America is over. A Junta runs our nation.
We need to accept that.
While color bias is intrinsic, prejudice is progressive. Divest from diversity [dogma], not limited to racism. #HateLovesAbortion
This is nothing more than Leftist Marxism Garbage being forced down our throats wether you agree or disagree I thought this was America people?! Law and Justice should be blind and fair for all, PERIOD!
Mr. Hawxhurst misunderstands the situation. Why would the ABA heed his warning about infringements to academic freedom, when it is the intent of the ABA to cause such infringements? He considers the infringements a “bug”, but the ABA considers them a “feature”.
This letter to the ABA is about as hard hitting as a wet spaghetti noodle.
Instead, it should be directly confrontational, by making these phony hard-left ABA attorneys walk their talk. Change the ABA Standards, to REALLY achieve “equitable” outcomes: “To achieve “equitable” societal goals, all ABA attorneys shall match their contract rates to the average hourly working rate of an American: $30.33/hr.” “To achieve equitable racial outcomes, ABA shall randomly select ABA attorneys to voluntarily give up their bar license, to equitably adjust the racial percentages of practicing attorneys. The ABA attorney shall surrender their wealth and homes, to match the “equitable” wealth level of all Americans. These phony ABA leaders and attorneys want to be sanctimonious and preach to others, but they don’t want to walk their talk. Trying to reason with sanctimonious preachers through a letter is a waste of time, .. knock them off their pedestals.
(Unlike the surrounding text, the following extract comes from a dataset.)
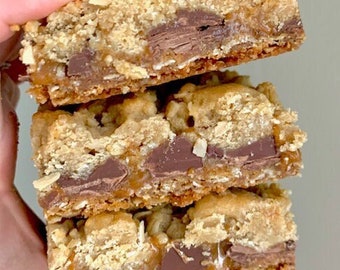 Peut inclure: Trois barres de dessert superposées avec une garniture dorée et friable et une couche de chocolat. Les barres ont une base de caramel et des morceaux de chocolat visibles. Image en gros plan.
Here is the letter that I sent: Anyone is welcome to revise it or send it to the ABA email address above.
Regarding the proposed revisions to Standards 205, 206, 303, 507 and 508 of the ABA Standards and Rules of Procedure for Approval of Law Schools, the changes place the equitable burden of correcting past ABA injustices on students, rather than ABA members. To demonstrate the sincerity of its objectives to the public, I propose including new ABA requirements in the Standard, that provides ABA leadership in achieving equitable outcomes and to correct for past systemic wrongs:
Requirement xxx: To bring legal costs within reach of the poor, people of color, and the middle-class public who cannot afford the high contractual wrap-rates of ABA attorneys. ABA attorneys shall charge no more than the prevailing wage rate of the statistical mean American worker: $30.33/hr.
Requirement yyy: To reduce the wealth gap between ABA attorneys and the public, all ABA attorneys shall annually donate 10% of their wealth towards charitable redistribution.
Requirement zzz: To correct for the demographic and racial disparities between ABA attorneys and the public and to further succession planning for ABA leadership to be inclusive towards all people of color, the ABA shall randomly select members for voluntary disbarment, to provide greater opportunities and equitable outcomes for lawyers of color.
These new ABA requirements would allow ABA members to show sincerity in correcting past ABA injustices and to rightly assume the burden of costs in correcting these injustices, rather than putting the sole burden on law students and schools.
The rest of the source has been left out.